Move over Pokémon Go. Fly away Flappy Bird and Angry Birds. Kick Candy Crush to the curb.
You won’t need those old exercise-killing apps for entertainment anymore, now that Guilford County government is getting into the phone and mobile device app business, with a new app that county officials hope will get you outside.
The county’s first ever mobile app will be a Guilford County parks app that will provide, among other services, searchable information on county park trails, facilities, events and amenities as well as GPS-based smartphone tools for those who want to hike or ride through the county’s parks and preserves.
Guilford County expects to offer additional mobile applications for a range of county services after the parks app is released.
The app for park users will integrate GPS mapping information that Guilford County staff has been collecting for a new database of parks, trails and amenities, and it will be designed to allow park goers to do things such as, say, find all parks within a certain distance from them that have paddleboats, a horseshoe game and a dog park. It will also provide users with the exact distances of trails as well as the difficulty levels. Once on the trail, hikers, bikers or equestrians will be able to see where they are on it and, say, where the closest restroom is. The app will include a wealth of other information for those with park-related interests other than hiking.
Guilford County Chief Information Officer Hemant Desai and his information technology staff is working with Geographic Information Systems (GIS) and the Guilford County Facilities, Parks and Property Management Department staff to put together the app that will be for iPhone and Android users – and even, eventually, for the lowly and oft neglected Windows Phone users.
“The majority of smartphones are IOS or android,” Desai said, adding that once the app is completed for those two platforms it won’t be difficult to port it to mobile Windows devices. So it makes sense, he said, to create the Windows version even though the Windows mobile platform is only a small share of the smartphone market. Desai uses an iPhone 6 and a Microsoft Surface tablet for his work – and the coming park app will work on both of those devices.
The coming mobile app will be powered largely by a searchable database of park, trail and amenity information that includes hours of operations and recreational opportunities.
A new web-based park information database version of the service will also be available for those using desktop computers. That online database should be up and running on the county’s website within a few weeks, with the county’s mobile app to follow, though no release date is set yet for that app.
Guilford County Geographic Information Systems Manager Stephen Dew said that, years ago, Guilford County had a web-based service for desktop computers that provided county parks information – helping users find appropriate parks by clicking a series of checkboxes that described what they were looking for.
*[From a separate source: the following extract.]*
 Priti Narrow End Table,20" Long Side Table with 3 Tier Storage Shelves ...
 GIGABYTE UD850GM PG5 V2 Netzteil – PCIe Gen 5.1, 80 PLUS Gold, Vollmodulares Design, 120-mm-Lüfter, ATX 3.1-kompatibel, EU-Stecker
However, Dew said, that database wasn’t kept up over the years and county staff eventually took the tool down.
He said that, in preparing for the launch of the new web service and the mobile app, one of the things that needed to happen first was that Guilford County staff had to bring all the parks information up to date. He said that, to provide the content used in the mobile app, county staff had to map, mark and categorize all of the amenities and attractions at the parks and preserves. Some of the information the county had on hand was out of date and the new mapping will include GPS information.
Dew said that this year much of the effort that has gone into the app has entailed walking the trails – or in some cases driving them – while taking along modern GPS mapping equipment that registers the exact coordinates of the route. Dew said that Guilford County Passive Parks Program Manager Matt Wallace has been handling much of those duties.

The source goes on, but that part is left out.